Ertesi gün, başka bir dağ deneyimi için batıya, Annecy Gölü’nün hemen eteğindeki Faberges’e gidiyorum ve Saint-Ruph vadisine çıkıyorum. Buradan, 1434m’deki Refuge de la Servaz’a orman içinden dik bir tırmanış var. Yolda çimenlerin arasında yaban çileği görüyorum, bu yüzden kendime hızlı bir orman atıştırması yapıyorum. Yürüyüşün büyük bir kısmında ağaçların arasındayım ama tepeye çıkıp sığınağı gözetlediğimde Annecy Gölü’nün muhteşem manzarasıyla ödüllendirildim.

Refuge de la Servaz, üst katta şiltelerle dolu yatakhane ile oldukça basit bir tesistir. Koruyucu Christophe, coşkusu ve mükemmel yemekleri ile konfor eksikliğini giderir. Sadece ben ve üç Fransız kadın var ve hep birlikte yemek yiyoruz.

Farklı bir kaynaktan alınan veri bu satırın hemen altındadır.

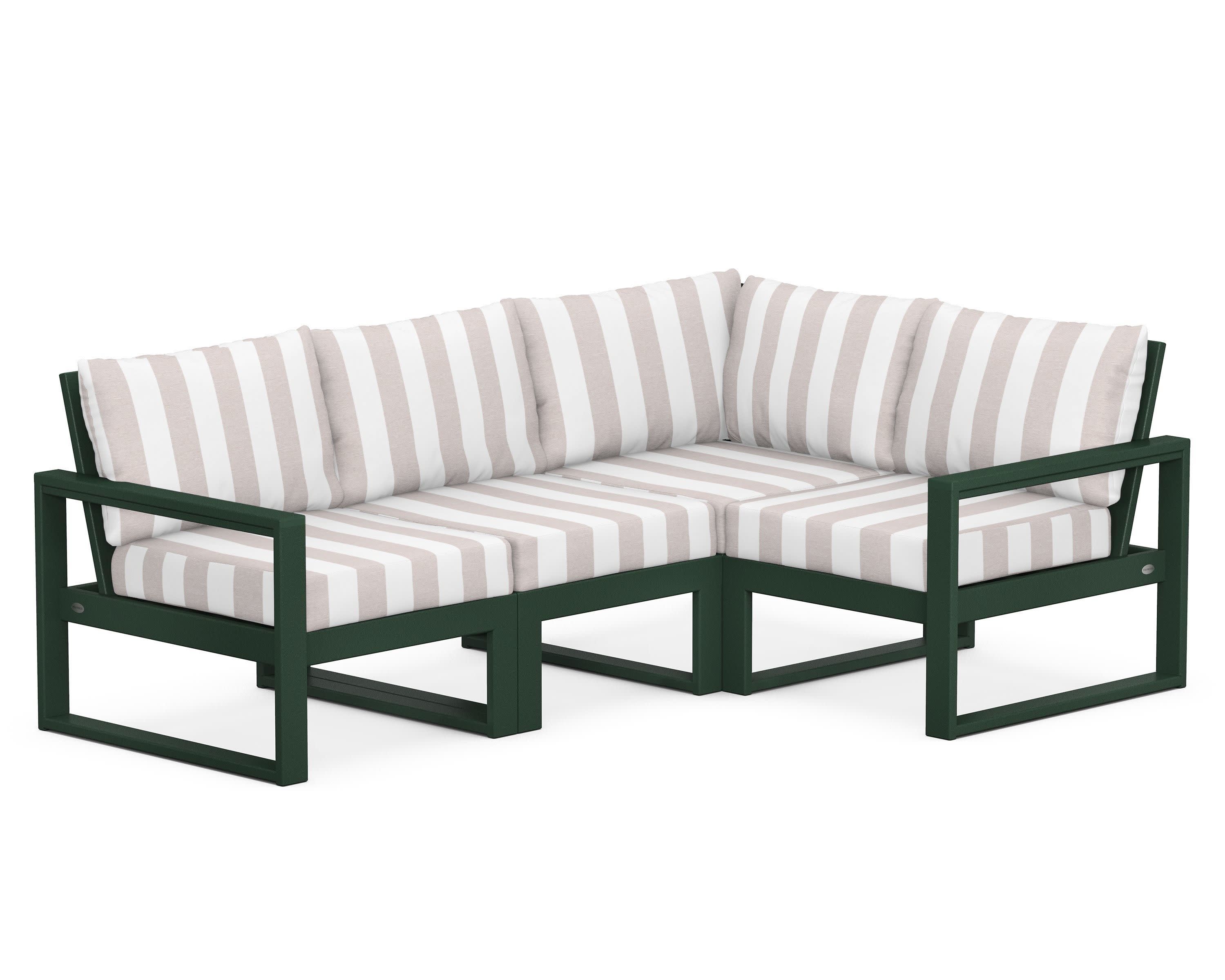 EDGE 4-Piece Modular Deep Seating Set in Green / Cabana Stripe Dune Burlap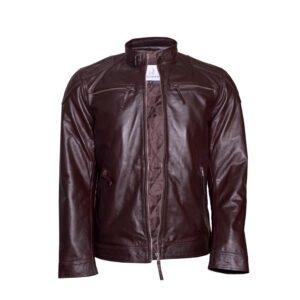 Men's Classic Leather Jacket Cowhide - Brown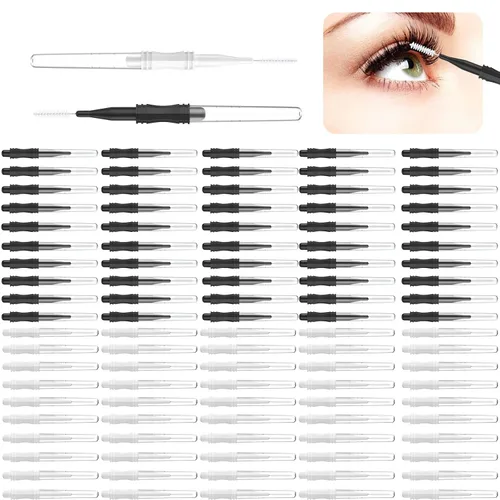 Vista 10 de 100 brochas de laminación de cejas con tapa, cepillo multifuncional portátil para cejas y extensiones de pestañas (10 colores)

Unutulmaz yemek, beyaz şarapta pişirilen yerel %100 domuz sosisi olan Diots ve peynir graten içinde küçük kareler makarna olan Crozets’i içerir. Çeşitli yerel peynirlerin ardından harika bir taze meyve tatlısı var. O zaman bizi büyük bir sürpriz bekliyor – dışarıda Christophe’un bütün akşam ısıttığı bir jakuzi var. Aşağıda Annecy’nin parıldayan ışıkları ile herkes ortak banyoya giriyor.

Annecy

Ertesi sabah geri dönüyorum ve La Cuillère à Omble’da harika bir öğle yemeği yemek için Annecy Gölü’ne gidiyorum. Tabii ki gölden taze balık servis ediyorlar ve Trout Rillettes’in yanı sıra kendime bütün bir Omble, Arctic Char alıyorum. Sonra Annecy’ye kısa bir sürüş var ve ben eski şehirde kalıyorum. Yazın yeni başlamasına rağmen, kalabalıklar tüm hızıyla devam ediyor.

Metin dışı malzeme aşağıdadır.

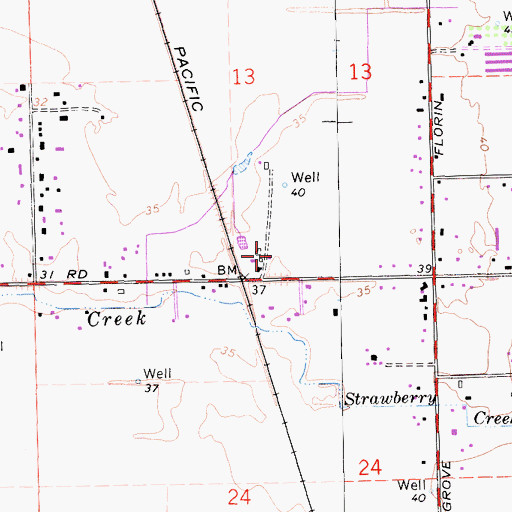 Topographic Map of Calvine Alternative High School, CA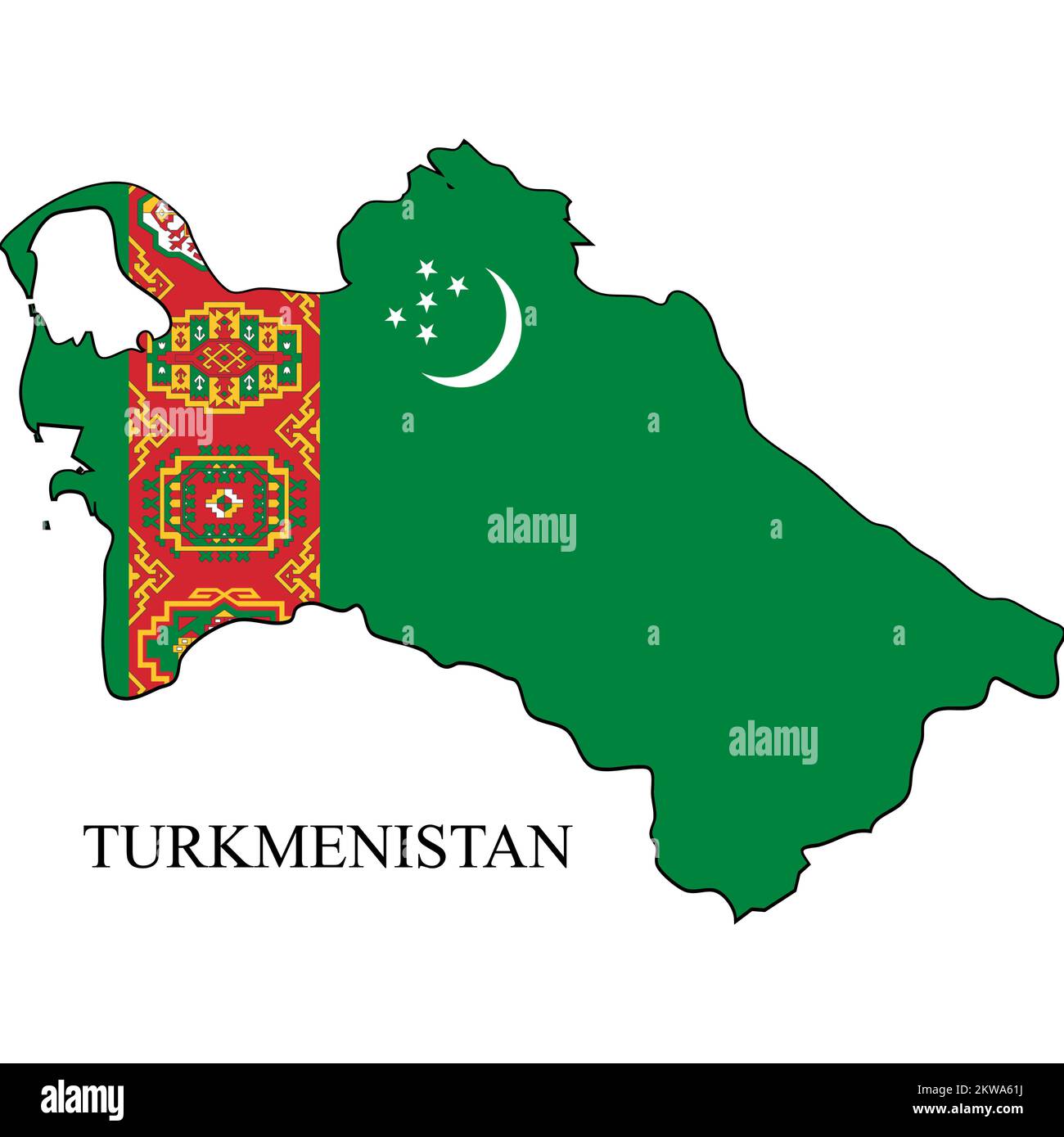 Turkmenistan-Kartenvektordarstellung. Weltwirtschaft. Berühmtes Land. Zentralasien Stock Vektor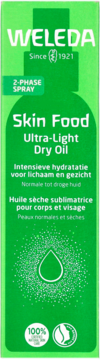 Zielony Weleda Skin Food Ultra-Light Dry Oil 2-Phase Spray, widok z przodu opakowania z białym tekstem.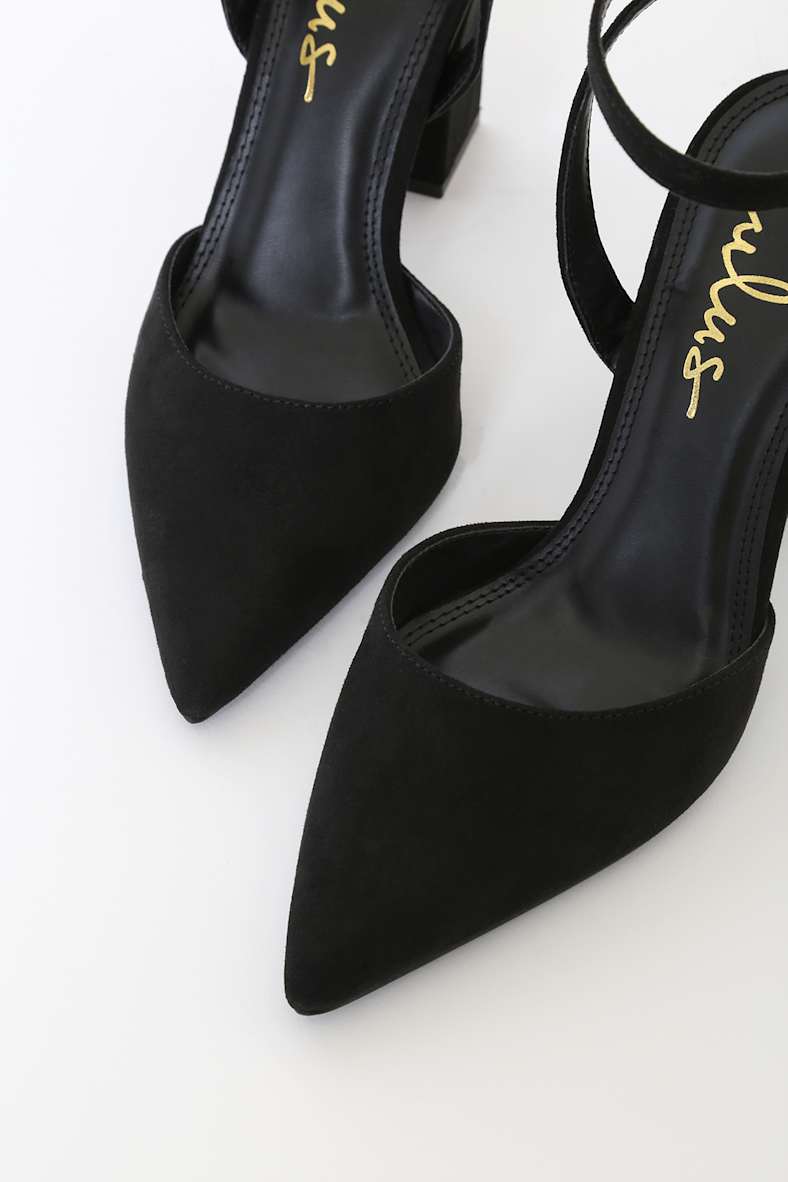 Viki Black Suede Pointed-Toe Ankle Strap Pumps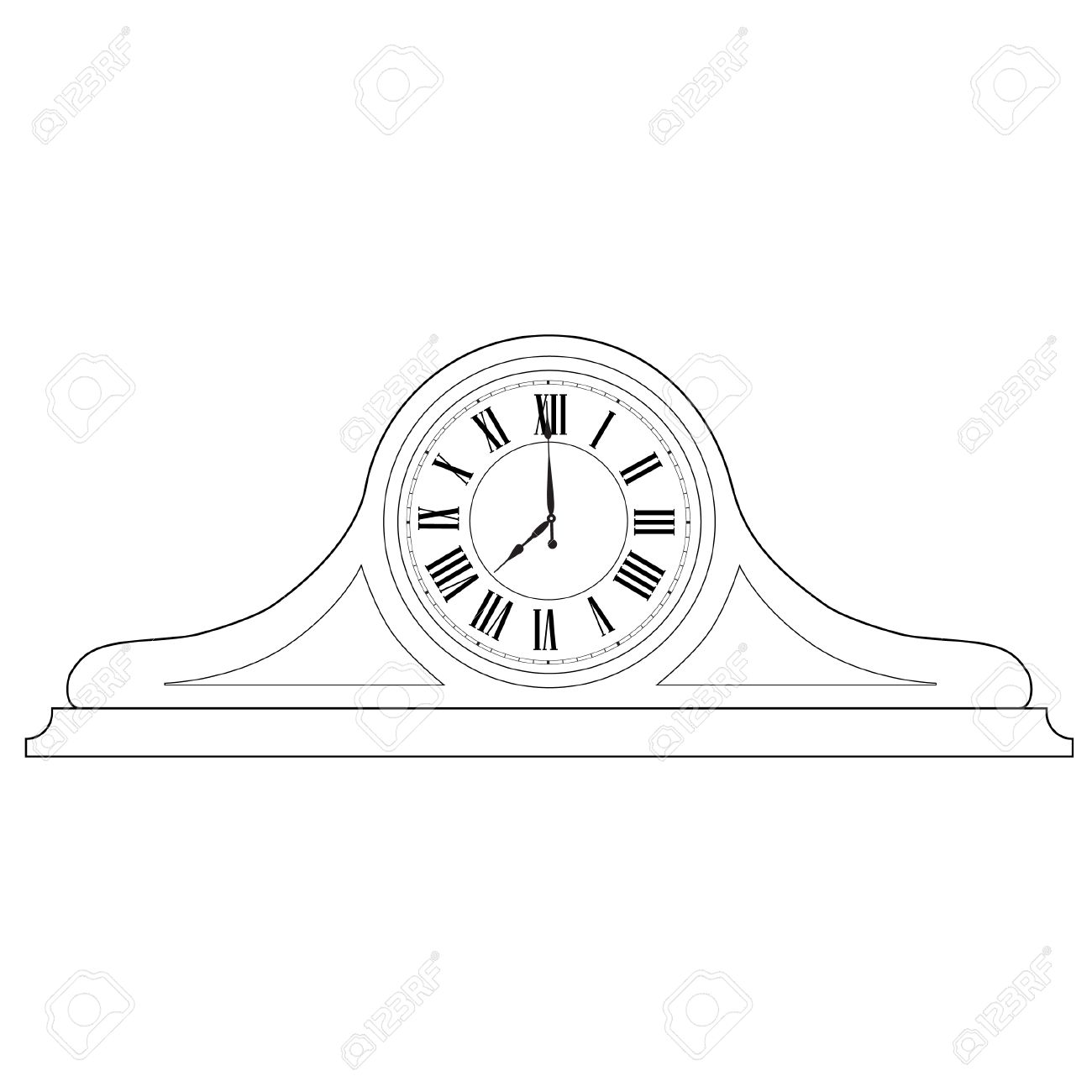 1300x1300 Outline Drawing Of Old Table Clock With Roman Numerals Raster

Yine de bu onun cazibesini azaltmıyor. Pastel renkli binaları ve çiçekli balkonlarıyla Arnavut kaldırımlı dar sokaklar, tasarımcı butikleri, restoranlar, kafeler ve fırınlarla dolu. Dolambaçlı kanallardan geçen kambur destekli köprülerle su her yerdedir. Pazar günü ve taze meyve ve sebze satan tezgahlarda malları sergileniyor.

Aynı zamanda çok sıcak ve parıldayan Annecy Gölü sizi çağırıyor. Plage des Marquisats’a giden teknelerin, yelken ve kürek kulüplerinin yanından geçerek göl kıyısındaki gezinti yolunu takip ediyorum. Bu, güneşlenenlerle dolu çimenli bir kıyı ile etkili bir şekilde kasaba plajı görevi görür. Önümde gölün enginliği ve arkasında yükselen Alp zirveleri var. Burası, cesur bir İngiliz için yeterince sıcak su ile yüzmek için mükemmel bir yer.

Gerçek dosya

GİTMEK: EasyJet, Londra Gatwick’ten Cenevre’ye uçar. Havaalanından Annecy’ye transfer yaklaşık bir saat sürüyor.

KALMAK: Pointe Percée – Gramusset Refuge’de 49 yatakhane bulunmaktadır.

La Ferme, La Clusaz’da iyi yerel dağ spesiyaliteleri sunan konforlu bir oteldir.

Refuge de la Servaz’da 19 yatakhane bulunmaktadır.

Annecy’deki Hotel Auberge du Lyonnais, eski şehrin hemen içindedir ve mükemmel bir restoranı vardır.

BİLGİ: Annecy Dağları bölge hakkında bilgi sahibidir.